Copy all of the data below without altering a single line.

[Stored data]
'''
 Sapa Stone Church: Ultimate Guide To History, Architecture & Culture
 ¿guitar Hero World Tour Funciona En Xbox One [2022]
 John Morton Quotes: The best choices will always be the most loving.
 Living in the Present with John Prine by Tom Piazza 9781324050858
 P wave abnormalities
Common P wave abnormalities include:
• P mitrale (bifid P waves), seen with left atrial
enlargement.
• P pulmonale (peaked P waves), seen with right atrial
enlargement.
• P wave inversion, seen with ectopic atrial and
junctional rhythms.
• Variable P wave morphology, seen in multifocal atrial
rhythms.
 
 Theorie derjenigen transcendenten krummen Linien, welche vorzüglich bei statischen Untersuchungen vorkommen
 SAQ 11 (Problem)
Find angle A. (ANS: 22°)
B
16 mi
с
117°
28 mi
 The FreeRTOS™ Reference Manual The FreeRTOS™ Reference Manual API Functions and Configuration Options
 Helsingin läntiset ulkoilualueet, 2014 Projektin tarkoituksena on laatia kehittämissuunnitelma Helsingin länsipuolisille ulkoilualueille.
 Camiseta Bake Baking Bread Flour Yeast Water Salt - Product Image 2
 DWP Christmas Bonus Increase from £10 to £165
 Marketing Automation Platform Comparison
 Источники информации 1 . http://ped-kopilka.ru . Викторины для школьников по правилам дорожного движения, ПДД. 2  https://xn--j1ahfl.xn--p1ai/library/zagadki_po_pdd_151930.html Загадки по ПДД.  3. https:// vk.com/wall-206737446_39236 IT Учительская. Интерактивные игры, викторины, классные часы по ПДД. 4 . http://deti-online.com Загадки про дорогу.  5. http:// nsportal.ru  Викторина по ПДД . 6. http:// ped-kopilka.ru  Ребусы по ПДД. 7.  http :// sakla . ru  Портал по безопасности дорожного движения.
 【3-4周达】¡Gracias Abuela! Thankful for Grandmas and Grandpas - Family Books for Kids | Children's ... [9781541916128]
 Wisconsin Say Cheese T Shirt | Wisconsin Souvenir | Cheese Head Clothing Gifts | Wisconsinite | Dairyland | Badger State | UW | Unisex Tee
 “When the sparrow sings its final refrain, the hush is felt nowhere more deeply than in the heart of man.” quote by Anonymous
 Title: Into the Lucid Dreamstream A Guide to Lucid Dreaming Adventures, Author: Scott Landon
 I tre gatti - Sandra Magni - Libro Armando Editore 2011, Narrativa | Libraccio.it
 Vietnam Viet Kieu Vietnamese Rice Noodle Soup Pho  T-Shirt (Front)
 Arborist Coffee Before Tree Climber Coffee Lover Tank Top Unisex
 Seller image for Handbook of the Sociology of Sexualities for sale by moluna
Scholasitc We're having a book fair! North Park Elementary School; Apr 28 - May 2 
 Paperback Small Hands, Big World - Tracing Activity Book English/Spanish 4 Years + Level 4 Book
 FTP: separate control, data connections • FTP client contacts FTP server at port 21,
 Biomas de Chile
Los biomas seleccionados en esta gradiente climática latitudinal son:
'''
OUTPUT >>
 Sapa Stone Church: Ultimate Guide To History, Architecture & Culture
 ¿guitar Hero World Tour Funciona En Xbox One [2022]
 John Morton Quotes: The best choices will always be the most loving.
 Living in the Present with John Prine by Tom Piazza 9781324050858
 P wave abnormalities
Common P wave abnormalities include:
• P mitrale (bifid P waves), seen with left atrial
enlargement.
• P pulmonale (peaked P waves), seen with right atrial
enlargement.
• P wave inversion, seen with ectopic atrial and
junctional rhythms.
• Variable P wave morphology, seen in multifocal atrial
rhythms.
 
 Theorie derjenigen transcendenten krummen Linien, welche vorzüglich bei statischen Untersuchungen vorkommen
 SAQ 11 (Problem)
Find angle A. (ANS: 22°)
B
16 mi
с
117°
28 mi
 The FreeRTOS™ Reference Manual The FreeRTOS™ Reference Manual API Functions and Configuration Options
 Helsingin läntiset ulkoilualueet, 2014 Projektin tarkoituksena on laatia kehittämissuunnitelma Helsingin länsipuolisille ulkoilualueille.
 Camiseta Bake Baking Bread Flour Yeast Water Salt - Product Image 2
 DWP Christmas Bonus Increase from £10 to £165
 Marketing Automation Platform Comparison
 Источники информации 1 . http://ped-kopilka.ru . Викторины для школьников по правилам дорожного движения, ПДД. 2  https://xn--j1ahfl.xn--p1ai/library/zagadki_po_pdd_151930.html Загадки по ПДД.  3. https:// vk.com/wall-206737446_39236 IT Учительская. Интерактивные игры, викторины, классные часы по ПДД. 4 . http://deti-online.com Загадки про дорогу.  5. http:// nsportal.ru  Викторина по ПДД . 6. http:// ped-kopilka.ru  Ребусы по ПДД. 7.  http :// sakla . ru  Портал по безопасности дорожного движения.
 【3-4周达】¡Gracias Abuela! Thankful for Grandmas and Grandpas - Family Books for Kids | Children's ... [9781541916128]
 Wisconsin Say Cheese T Shirt | Wisconsin Souvenir | Cheese Head Clothing Gifts | Wisconsinite | Dairyland | Badger State | UW | Unisex Tee
 “When the sparrow sings its final refrain, the hush is felt nowhere more deeply than in the heart of man.” quote by Anonymous
 Title: Into the Lucid Dreamstream A Guide to Lucid Dreaming Adventures, Author: Scott Landon
 I tre gatti - Sandra Magni - Libro Armando Editore 2011, Narrativa | Libraccio.it
 Vietnam Viet Kieu Vietnamese Rice Noodle Soup Pho  T-Shirt (Front)
 Arborist Coffee Before Tree Climber Coffee Lover Tank Top Unisex
 Seller image for Handbook of the Sociology of Sexualities for sale by moluna
Scholasitc We're having a book fair! North Park Elementary School; Apr 28 - May 2 
 Paperback Small Hands, Big World - Tracing Activity Book English/Spanish 4 Years + Level 4 Book
 FTP: separate control, data connections • FTP client contacts FTP server at port 21,
 Biomas de Chile
Los biomas seleccionados en esta gradiente climática latitudinal son:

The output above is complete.